Monday, February 21, 2011

Home-Schooling Report:
They Let Blake Griffin Drive?

How is home-schooling working out for America's home-schooled youth? Well, they can't find their way to the grocery store is how it's working out. Of course, you've got to figure that parents who decided on home-schooling probably didn't produce the brightest home-schooling test subjects.
"I wanted to do everything that my dad and my brother did," says Griffin, who, along with his brother, was home-schooled by their mother until seventh grade. So with them being involved in basketball so much, that just came naturally to me. And I grew to love it.

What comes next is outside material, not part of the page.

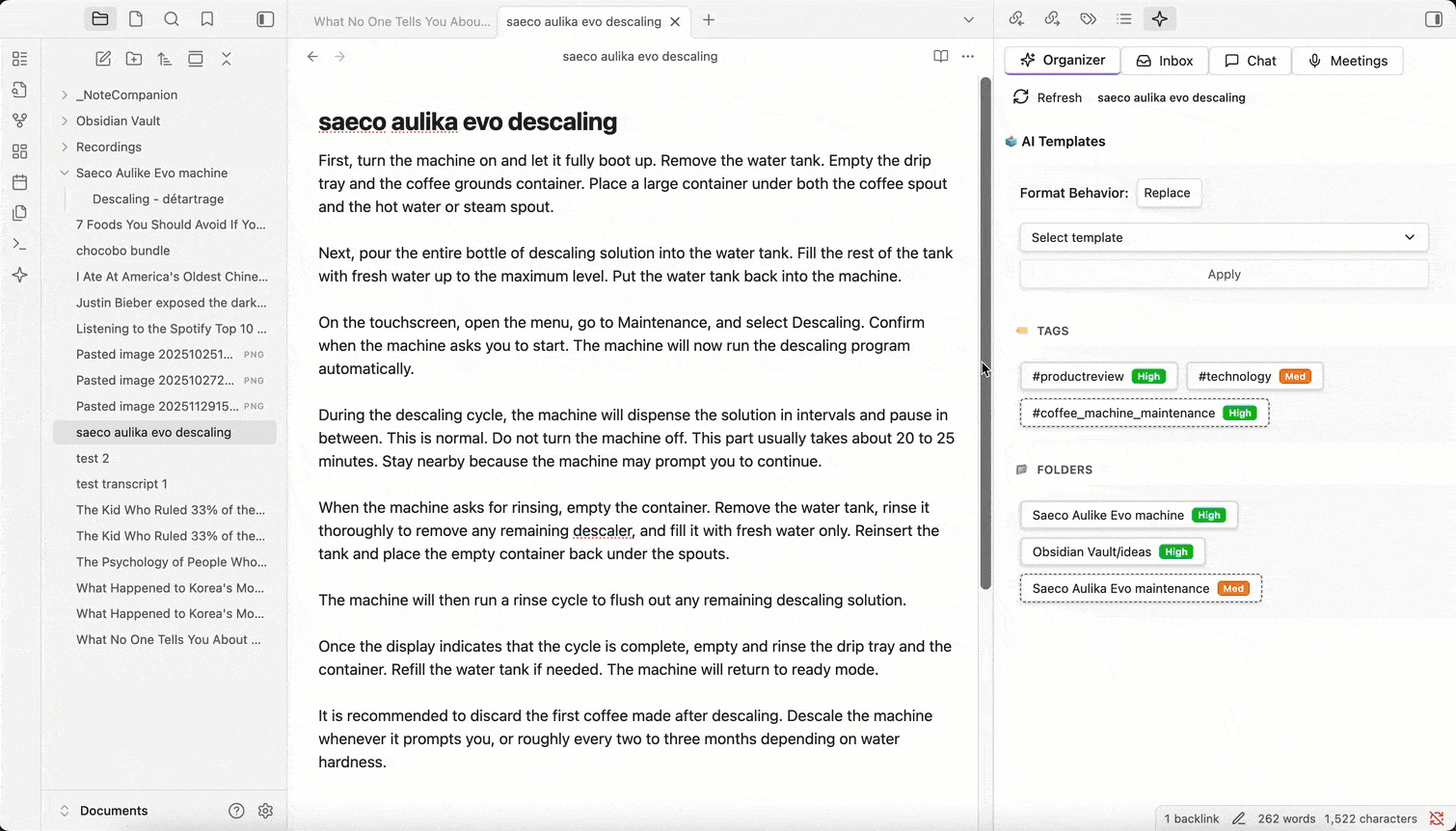 File Organization Interface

"Well, I always loved it," he quickly adds, grinning. "But I just grew to love it more."
See? Inability to think for oneself or to do anything but conform. (Actually, that's a head start on the results home-schoolers & most human resources people are looking for.) Fortunately, it makes no fucking difference whatsoever, because there will always be a robot around to help. Too damn bad Asian wage-slaves are making all the 'Tard-Minders®; we'd imagine the market will only get bigger, as more morons populate the planet.
It gave him time to acclimate to his new city, which Griffin first found so large and unwieldy that he needed his GPS to get to the grocery store
Can't that asteroid get here before 2032 or whenever? Even for an old person (time passes like nothing) that's a long wait; we might even miss it.

(Full disclosure: This reporter was home-schooled for several yrs., & it didn't seem to hurt us none. 'Cept fer turnin' us into a rabid, unsocialized, America-hatin' maniac.)